# What the exercise asks
Could you retype only the lines from the one containing "Cute Baby Lama Portret (Alpaca) 1:1 Poster" through the final line of the entries, both included, skipping any images?
******************************
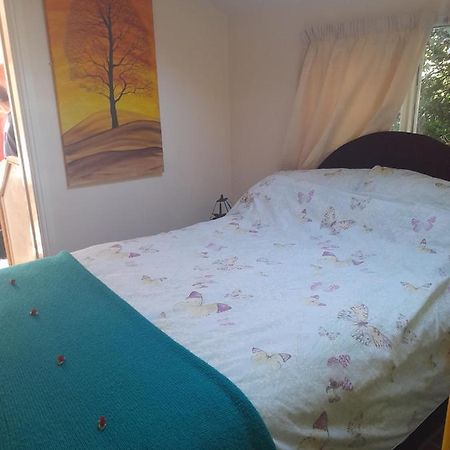 גלסטונברי Janet Hale Studios, Garden Apartment מראה חיצוני תמונה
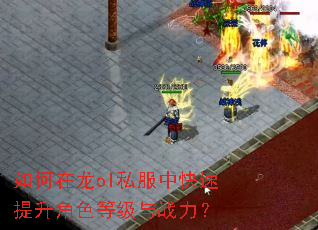 �������ol˽���п���������ɫ�ȼ���ս����
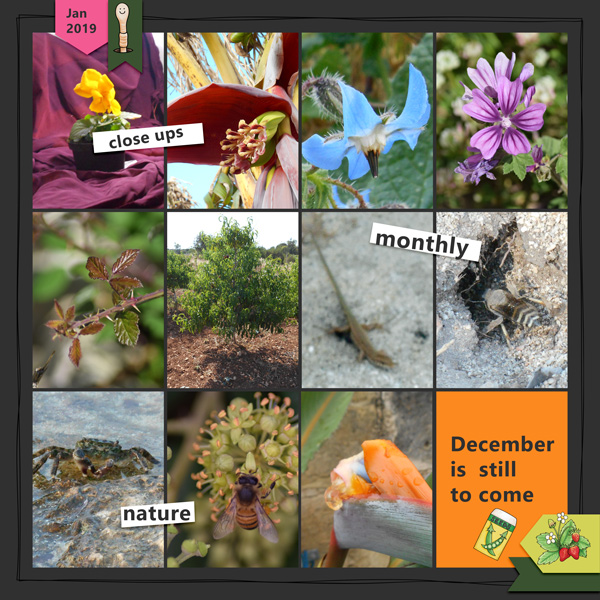 2019-close-ups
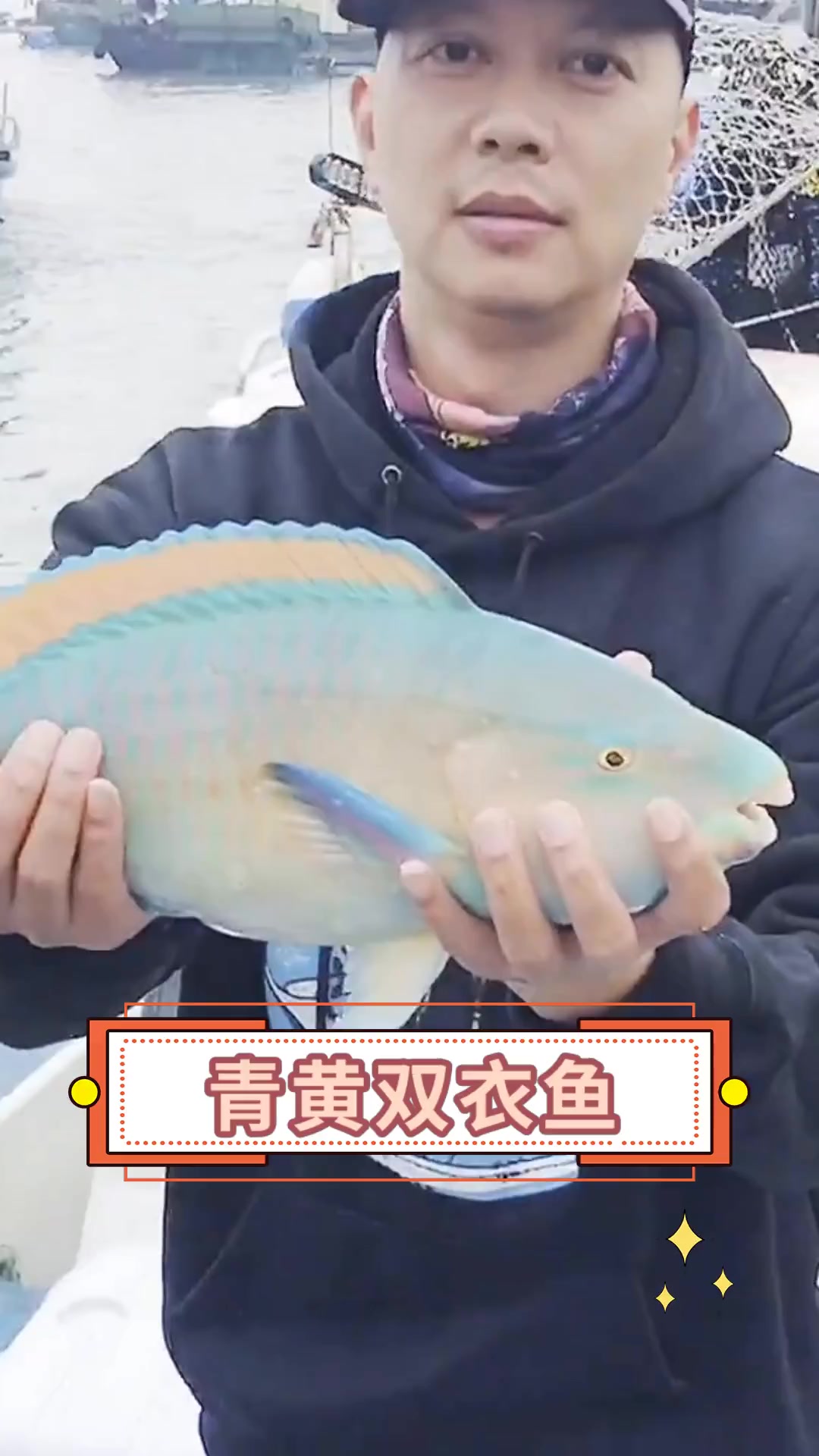 青黄双衣鱼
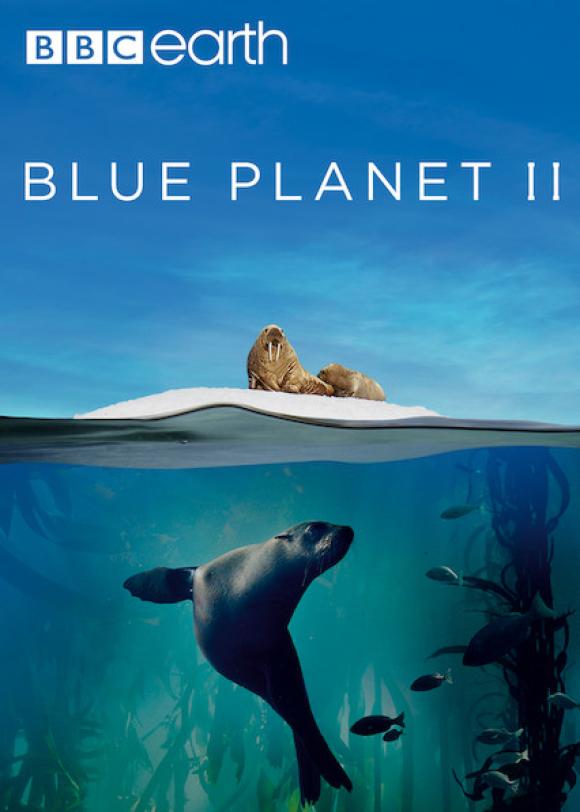 دانلود سریال Blue Planet II با زیرنویس فارسی چسبیده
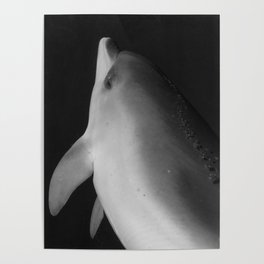 Baby dolphin black and white Poster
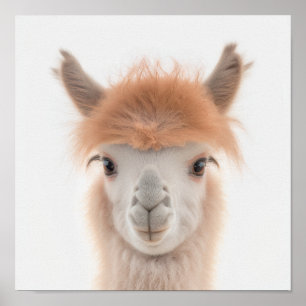 Cute Baby Lama Portret (Alpaca) 1:1 Poster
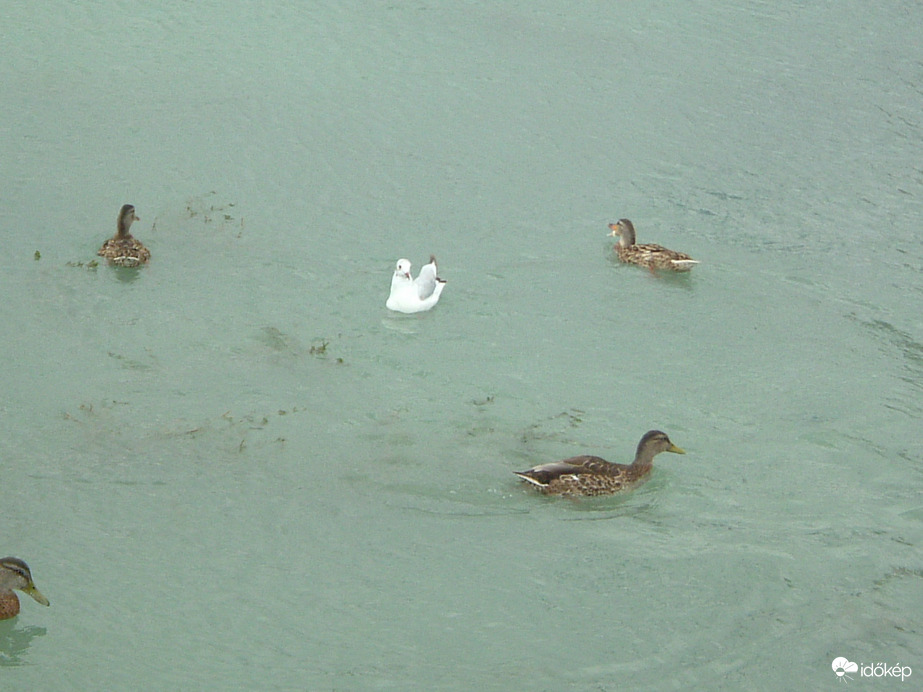 Az "idegen" bekerítése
******************************
# Answer area
 Cute Baby Lama Portret (Alpaca) 1:1 Poster
 Az "idegen" bekerítése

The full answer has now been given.